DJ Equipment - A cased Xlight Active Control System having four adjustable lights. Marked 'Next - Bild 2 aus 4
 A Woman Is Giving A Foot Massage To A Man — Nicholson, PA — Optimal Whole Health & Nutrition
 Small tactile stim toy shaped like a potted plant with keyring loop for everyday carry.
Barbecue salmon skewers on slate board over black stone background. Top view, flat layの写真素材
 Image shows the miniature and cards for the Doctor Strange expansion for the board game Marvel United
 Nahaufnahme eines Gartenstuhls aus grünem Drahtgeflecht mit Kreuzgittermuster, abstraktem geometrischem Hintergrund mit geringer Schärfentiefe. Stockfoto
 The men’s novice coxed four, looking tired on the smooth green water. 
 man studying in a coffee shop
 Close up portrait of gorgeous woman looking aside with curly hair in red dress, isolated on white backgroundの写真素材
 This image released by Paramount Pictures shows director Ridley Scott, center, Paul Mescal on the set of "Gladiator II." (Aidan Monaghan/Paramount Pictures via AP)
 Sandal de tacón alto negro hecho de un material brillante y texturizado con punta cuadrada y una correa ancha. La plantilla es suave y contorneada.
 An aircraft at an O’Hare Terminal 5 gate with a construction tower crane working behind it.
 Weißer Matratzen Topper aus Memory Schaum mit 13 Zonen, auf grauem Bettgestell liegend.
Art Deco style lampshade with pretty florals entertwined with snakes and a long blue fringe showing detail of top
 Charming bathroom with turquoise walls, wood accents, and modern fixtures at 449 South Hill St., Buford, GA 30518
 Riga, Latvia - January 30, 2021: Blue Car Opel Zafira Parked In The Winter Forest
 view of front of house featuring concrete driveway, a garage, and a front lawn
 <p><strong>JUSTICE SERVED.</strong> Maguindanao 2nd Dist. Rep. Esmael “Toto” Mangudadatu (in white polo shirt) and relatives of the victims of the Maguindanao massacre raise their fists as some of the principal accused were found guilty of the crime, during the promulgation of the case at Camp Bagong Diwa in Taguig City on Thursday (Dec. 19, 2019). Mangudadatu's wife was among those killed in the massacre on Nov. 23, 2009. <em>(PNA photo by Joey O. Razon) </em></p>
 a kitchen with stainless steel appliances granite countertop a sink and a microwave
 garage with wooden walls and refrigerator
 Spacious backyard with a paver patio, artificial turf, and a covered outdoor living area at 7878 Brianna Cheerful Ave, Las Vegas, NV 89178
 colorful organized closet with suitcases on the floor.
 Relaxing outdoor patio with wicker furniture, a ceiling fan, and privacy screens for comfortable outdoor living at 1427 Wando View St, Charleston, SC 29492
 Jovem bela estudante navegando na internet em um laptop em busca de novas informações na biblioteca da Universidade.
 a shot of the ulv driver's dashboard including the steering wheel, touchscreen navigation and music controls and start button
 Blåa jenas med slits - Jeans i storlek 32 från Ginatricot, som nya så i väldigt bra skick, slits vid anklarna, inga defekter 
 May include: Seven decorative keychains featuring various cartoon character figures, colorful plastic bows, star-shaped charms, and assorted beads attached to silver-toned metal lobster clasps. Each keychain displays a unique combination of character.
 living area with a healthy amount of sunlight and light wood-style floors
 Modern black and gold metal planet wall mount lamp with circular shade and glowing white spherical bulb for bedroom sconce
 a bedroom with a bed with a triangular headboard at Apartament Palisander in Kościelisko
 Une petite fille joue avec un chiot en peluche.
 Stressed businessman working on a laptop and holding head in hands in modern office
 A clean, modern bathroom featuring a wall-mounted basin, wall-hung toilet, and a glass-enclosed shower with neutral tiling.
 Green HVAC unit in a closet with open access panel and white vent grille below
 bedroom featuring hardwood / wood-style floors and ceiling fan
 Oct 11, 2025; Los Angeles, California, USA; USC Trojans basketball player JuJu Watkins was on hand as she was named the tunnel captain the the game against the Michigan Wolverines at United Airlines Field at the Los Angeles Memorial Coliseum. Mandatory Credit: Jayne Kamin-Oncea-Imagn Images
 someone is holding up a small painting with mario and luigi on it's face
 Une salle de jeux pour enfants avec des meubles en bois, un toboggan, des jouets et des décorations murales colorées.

########

### Task directions
What is needed is a full, exact copy of the records.

### Output
DJ Equipment - A cased Xlight Active Control System having four adjustable lights. Marked 'Next - Bild 2 aus 4
 A Woman Is Giving A Foot Massage To A Man — Nicholson, PA — Optimal Whole Health & Nutrition
 Small tactile stim toy shaped like a potted plant with keyring loop for everyday carry.
Barbecue salmon skewers on slate board over black stone background. Top view, flat layの写真素材
 Image shows the miniature and cards for the Doctor Strange expansion for the board game Marvel United
 Nahaufnahme eines Gartenstuhls aus grünem Drahtgeflecht mit Kreuzgittermuster, abstraktem geometrischem Hintergrund mit geringer Schärfentiefe. Stockfoto
 The men’s novice coxed four, looking tired on the smooth green water. 
 man studying in a coffee shop
 Close up portrait of gorgeous woman looking aside with curly hair in red dress, isolated on white backgroundの写真素材
 This image released by Paramount Pictures shows director Ridley Scott, center, Paul Mescal on the set of "Gladiator II." (Aidan Monaghan/Paramount Pictures via AP)
 Sandal de tacón alto negro hecho de un material brillante y texturizado con punta cuadrada y una correa ancha. La plantilla es suave y contorneada.
 An aircraft at an O’Hare Terminal 5 gate with a construction tower crane working behind it.
 Weißer Matratzen Topper aus Memory Schaum mit 13 Zonen, auf grauem Bettgestell liegend.
Art Deco style lampshade with pretty florals entertwined with snakes and a long blue fringe showing detail of top
 Charming bathroom with turquoise walls, wood accents, and modern fixtures at 449 South Hill St., Buford, GA 30518
 Riga, Latvia - January 30, 2021: Blue Car Opel Zafira Parked In The Winter Forest
 view of front of house featuring concrete driveway, a garage, and a front lawn
 <p><strong>JUSTICE SERVED.</strong> Maguindanao 2nd Dist. Rep. Esmael “Toto” Mangudadatu (in white polo shirt) and relatives of the victims of the Maguindanao massacre raise their fists as some of the principal accused were found guilty of the crime, during the promulgation of the case at Camp Bagong Diwa in Taguig City on Thursday (Dec. 19, 2019). Mangudadatu's wife was among those killed in the massacre on Nov. 23, 2009. <em>(PNA photo by Joey O. Razon) </em></p>
 a kitchen with stainless steel appliances granite countertop a sink and a microwave
 garage with wooden walls and refrigerator
 Spacious backyard with a paver patio, artificial turf, and a covered outdoor living area at 7878 Brianna Cheerful Ave, Las Vegas, NV 89178
 colorful organized closet with suitcases on the floor.
 Relaxing outdoor patio with wicker furniture, a ceiling fan, and privacy screens for comfortable outdoor living at 1427 Wando View St, Charleston, SC 29492
 Jovem bela estudante navegando na internet em um laptop em busca de novas informações na biblioteca da Universidade.
 a shot of the ulv driver's dashboard including the steering wheel, touchscreen navigation and music controls and start button
 Blåa jenas med slits - Jeans i storlek 32 från Ginatricot, som nya så i väldigt bra skick, slits vid anklarna, inga defekter 
 May include: Seven decorative keychains featuring various cartoon character figures, colorful plastic bows, star-shaped charms, and assorted beads attached to silver-toned metal lobster clasps. Each keychain displays a unique combination of character.
 living area with a healthy amount of sunlight and light wood-style floors
 Modern black and gold metal planet wall mount lamp with circular shade and glowing white spherical bulb for bedroom sconce
 a bedroom with a bed with a triangular headboard at Apartament Palisander in Kościelisko
 Une petite fille joue avec un chiot en peluche.
 Stressed businessman working on a laptop and holding head in hands in modern office
 A clean, modern bathroom featuring a wall-mounted basin, wall-hung toilet, and a glass-enclosed shower with neutral tiling.
 Green HVAC unit in a closet with open access panel and white vent grille below
 bedroom featuring hardwood / wood-style floors and ceiling fan
 Oct 11, 2025; Los Angeles, California, USA; USC Trojans basketball player JuJu Watkins was on hand as she was named the tunnel captain the the game against the Michigan Wolverines at United Airlines Field at the Los Angeles Memorial Coliseum. Mandatory Credit: Jayne Kamin-Oncea-Imagn Images
 someone is holding up a small painting with mario and luigi on it's face
 Une salle de jeux pour enfants avec des meubles en bois, un toboggan, des jouets et des décorations murales colorées.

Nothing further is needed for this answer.